As it currently stands, all other discovery services harvest or import more generic sets of metadata as laid out in HOPE dissemination profiles; dissemination profiles define which metadata records will be supplied as well as the specific elements to be supplied. The main service harvesting metadata from the HOPE Aggregator is the Europeana portal. The HOPE Aggregator transforms HOPE metadata into Europeana-compliant metadata using the Europeana Data Model (EDM) schema. The EDM format provides: a cross-domain encoding format; the possibility to query metadata using semantic search and browse tools developed for the Europeana portal; and some support for hierarchical descriptions. HOPE also aims to target a global audience through sites such as Flickr, YouTube, and Scribd. In this case, HOPE will focus on the dissemination of digital content with a concise set of metadata providing the basic context for the digital content. The HOPE Aggregator supports the export of metadata and digital objects to a range of social site APIs as well as the encoding of metadata in the formats specified by these sites. 

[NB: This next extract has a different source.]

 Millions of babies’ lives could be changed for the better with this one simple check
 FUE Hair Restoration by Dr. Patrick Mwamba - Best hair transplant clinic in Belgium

In the end, the goal of the HOPE Common Metadata Structure is to provide a semantic framework that allows the Social History Portal, the Europeana portal, and other discovery services to harvest the HOPE Metadata in the required format. Beyond this, HOPE aims to serve its designated community by knitting together its disparate metadata and content into a coherent catalog of works, the HOPE Social History Resource, a key component of the discovery-to-delivery experience.

Related Resources

Europeana. ''Definition of the Europeana Data Model Elements, Version 5.2.3''. February 2012.

Europeana. ''Europeana Data Model Primer''. July 2013. (…)

This section last updated July 2013. Content is no longer maintained.